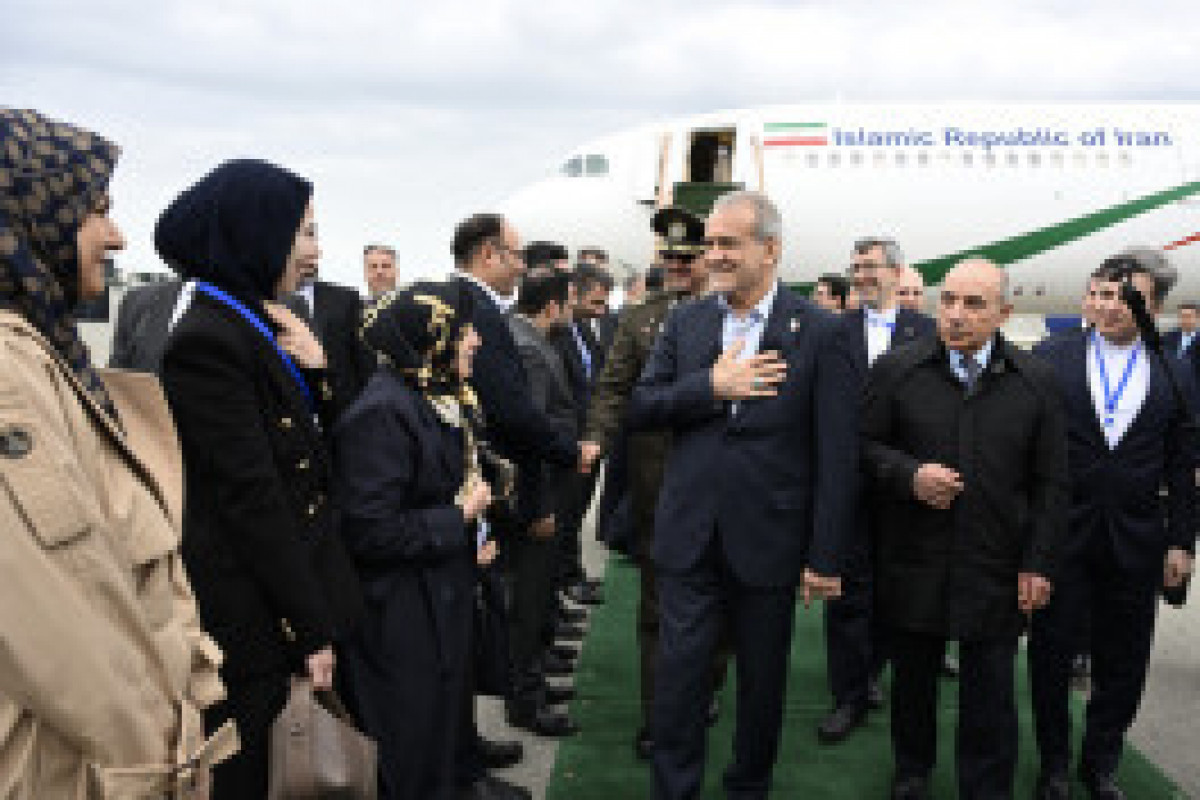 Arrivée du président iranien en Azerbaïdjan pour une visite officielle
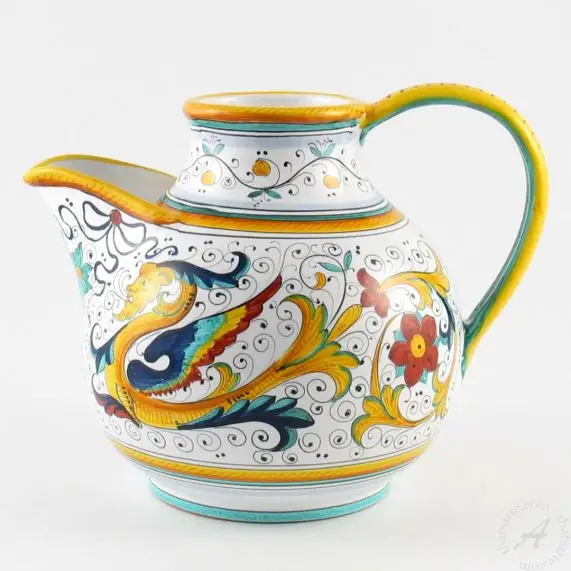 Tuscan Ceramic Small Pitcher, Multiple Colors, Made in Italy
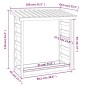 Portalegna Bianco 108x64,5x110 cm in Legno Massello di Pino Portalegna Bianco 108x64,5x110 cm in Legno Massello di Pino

## Work request
Go through the listing above and quote it exactly, apart from its images.

## Solved problem
 Arrivée du président iranien en Azerbaïdjan pour une visite officielle
 Tuscan Ceramic Small Pitcher, Multiple Colors, Made in Italy
 Portalegna Bianco 108x64,5x110 cm in Legno Massello di Pino Portalegna Bianco 108x64,5x110 cm in Legno Massello di Pino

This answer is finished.